The HAP has been a pioneering example of active adaptation and community resilience-building against exposure to extreme heat. Key components of the Ahmedabad HAP include:

  • Building public awareness and community outreach to communicate the risks of heat waves and implement practices to prevent heat-related deaths and illnesses (Figure 1). Disseminating public messages on how to protect people against extreme heat through media outlets and orientation materials, such as pamphlets and advertisements on heat stress prevention, text messages, email, radio and social media, such as WhatsApp. Special efforts are made to reach vulnerable populations through inter-personal communication from March to June annually.
  • Initiating an early warning system and inter-agency coordination to alert residents of predicted extreme temperatures.

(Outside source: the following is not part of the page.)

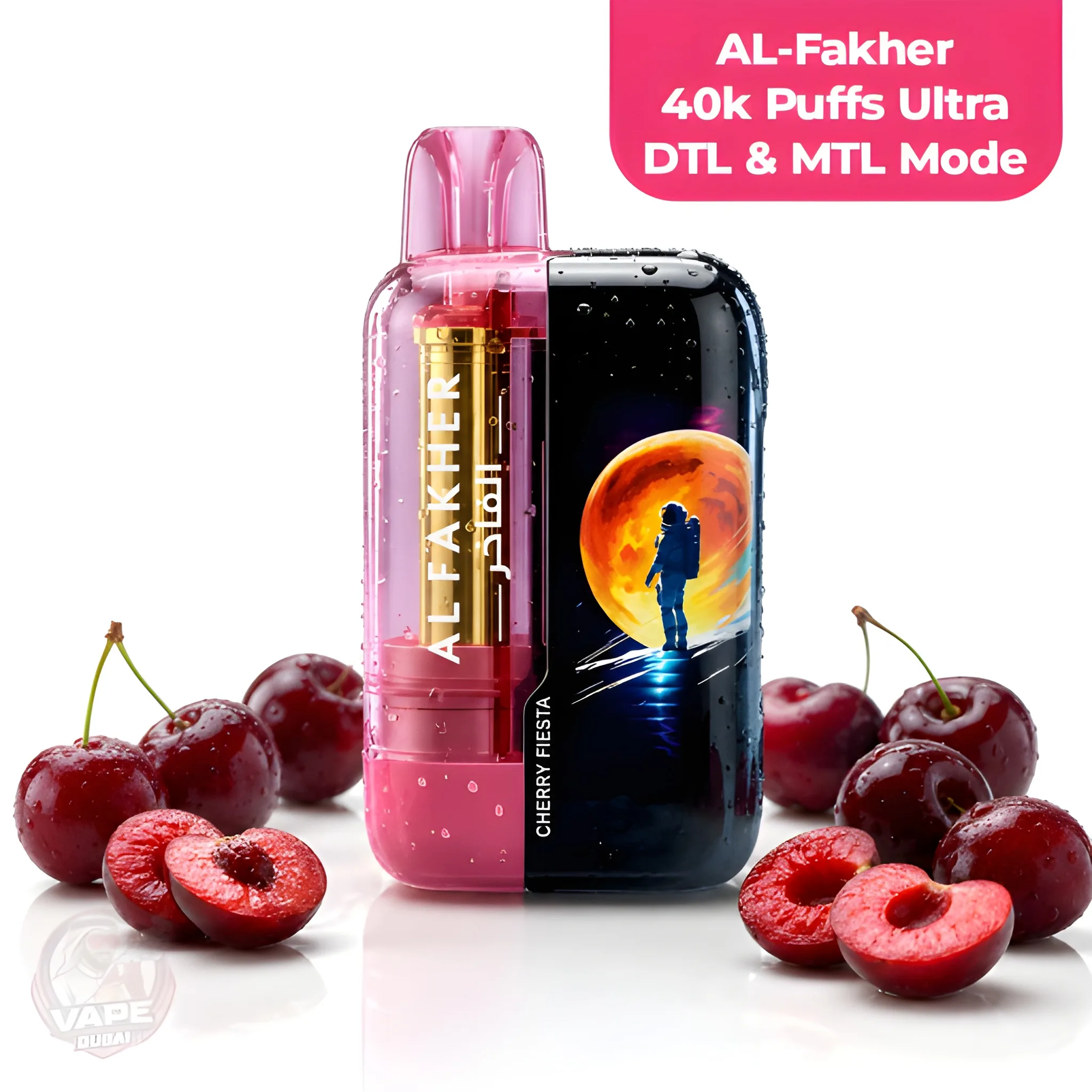 AL Fakher Crown Bar Ultra 40K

The AMC has created formal communication channels to alert government agencies, health officials and hospitals, emergency responders, local community groups, and media outlets of extreme temperatures forecasted by the Indian Meteorological Department’s (IMD) Meteorological Centre located in Ahmedabad.
  • Capacity building among health care professionals to recognize and respond to heat-related illnesses, particularly during extreme heat events. Such training focus on primary medical officers, paramedical staff, and community health staff so that these experts can effectively prevent and manage heat-related cases and reduce mortality and morbidity.
  • Reducing heat exposure and promoting adaptive measures by launching new efforts, including targets on implementing cool roofs on low income houses (Figure 2) as well as retrofitting cool roof technologies on the AMC’s own buildings. In November 2019, Ahmedabad announced an expansion of its ongoing urban afforestation program, increasing the city’s green cover to reduce ambient outdoor temperatures associated with its Urban Heat Island. The Ahmedabad HAP has a special focus on targeted beneficiaries such as outdoor construction and industrial workers, street vendors, women, children, and older adults. Outdoor workers and residents of low-income neighbourhoods with poorly insulated houses are especially prone to the effects of heat, with disproportionate impacts on economic productivity, medical expenses and other opportunity costs.

 

Ahmedabad Heat Action Plan

A slum roof being painted with solar reflective paint in Ahmedabad. Source: AMC

 

“Ultimately, in order to build effectively resilient communities to counter these extreme weather events caused by climate change, we have to build localised capacity in terms of health infrastructure, governance structures as well as adequate early warning systems. It is important that actions as well as decisions be localised, to maximise public health benefits.Dr Dileep Mavalankar, Director of IIPH-G

Lessons learned 

Drawing lessons from the ground-breaking Ahmedabad HAP, action is ramping up at the city, state, and national levels to scale and implement extreme heat warning systems and preparedness plans. Since 2013, the national government has been working with 23 states and over 100 cities and districts to implement and develop heat action plans across India.

References

The text of this case study is based on the submission from the case study lead organization received through the 2021 Call for case studies on health and climate change and does not endorse or reflect the views of the World Health Organization or any of its activities.